Los Benjumea están replicando los pasos que en su día dio la presidencia de Pescanova; pedir tiempo muerto para obtener liquidez para hoy y para un largo proceso de reestructuración financiera. Aunque espero que las vergüenzas que empezarán a salir en estos cuatro meses de debilidad política interna no ensucien su imagen, como así ocurrió con la de Fernández de Sousa, lo cierto es que hay demasiadas sombras sobre cómo construyeron y proyectaron su información financiera. Auguro días negros.
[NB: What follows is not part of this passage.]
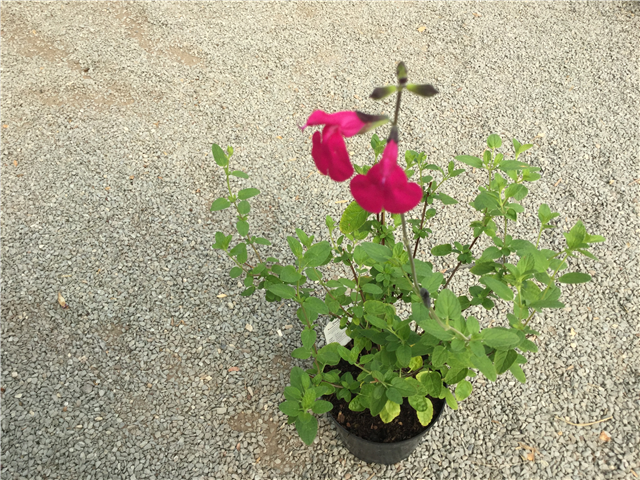 Salvia 'Dayglo' 3L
Lo que es indudable es que en los dos holdings empresariales había y hay un proyecto industrial sólido, en nuestro caso se ha salvado, en el sevillano está por ver. Y qué les ocurrió,  se preguntará. Le impusieron al proyecto una alta velocidad de crecimiento y por tanto, de apalancamiento, y cuando haces esto, la conducción debe ser perfecta, ya que cualquier error te puede tirar a la cuneta. Te impide metabolizar las pérdidas.

En este caso, suman dos y ajenos a ellos, pero riesgos en todo caso. Por un lado, los cambios normativos españoles en el campo de las energías renovables. Esta decisión del ministro Soria, si le damos credibilidad a la empresa, les ha impedido generar una caja de 1.500 millones. Y, por otra parte, su apuesta fallida por los biocombustibles.
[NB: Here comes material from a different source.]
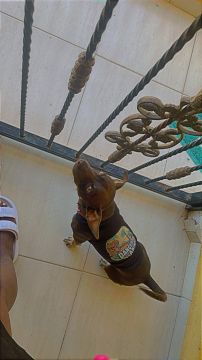 Dog Daycare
Es decir, tenemos enfrente una compañía que genera siete mil millones de facturación, líder en conocimiento en energías renovables, y está al borde de la quiebra porque, entre otras cosas, en este país, en materia energética, hemos renunciado a la seguridad jurídica. Historia triste, se mire por donde se mire.

Venancio Salcines es Presidente de la Escuela de Finanzas.